If I ever had doubts about how protestors at Saturday’s Unite the Kingdom rally feel about Muslims (which I don’t), they were quickly laid to rest as my Instagram timeline flooded with photographs and videos of incendiary – and sometimes bizarre – anti-Muslim displays of behaviour, which included a Korean musician playing the cello while wearing strips of bacon on his shoulders, before shaking hands with Tommy Robinson on stage and announcing:

I may be hung like a chipmunk, but I’ve got enough balls to fight Islam.

I’m sorry, Mr. Cellist, but crispy cured pork will not result in me fainting or repel me back into the shadows like a vampire exposed to garlic. I also found his self-denegrating joke about the size of his package to be, in all honesty, quite sad. It plays into racist Western stereotypes about Asian men that have sought to emasculate them. It was an example of the ways in which people of colour belittle themselves to fit into white-dominated spaces. But I digress.

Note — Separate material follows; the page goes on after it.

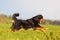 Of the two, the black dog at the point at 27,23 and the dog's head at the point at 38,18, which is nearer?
the black dog at the point at 27,23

Saturday’s march was less ‘Unite the Kingdom’ and more ‘Unite the fight against Islam’ – the crusader references at the march were too many count. Far-right racists often accuse British Muslims like me of playing the victim card, but never has there been more blatant hatred for Islam on display than there was at Saturday’s march, which one attendee called ‘an incredible family day out in London‘ in a post on Facebook group Britain’s Voice, showing just how polarised British society has become. I am not sure you can call a rally where a 15-year-old girl was sexually harassed on camera ‘family friendly.’

However, the cherry on the top was Collectif Némésis’ niqab stunt.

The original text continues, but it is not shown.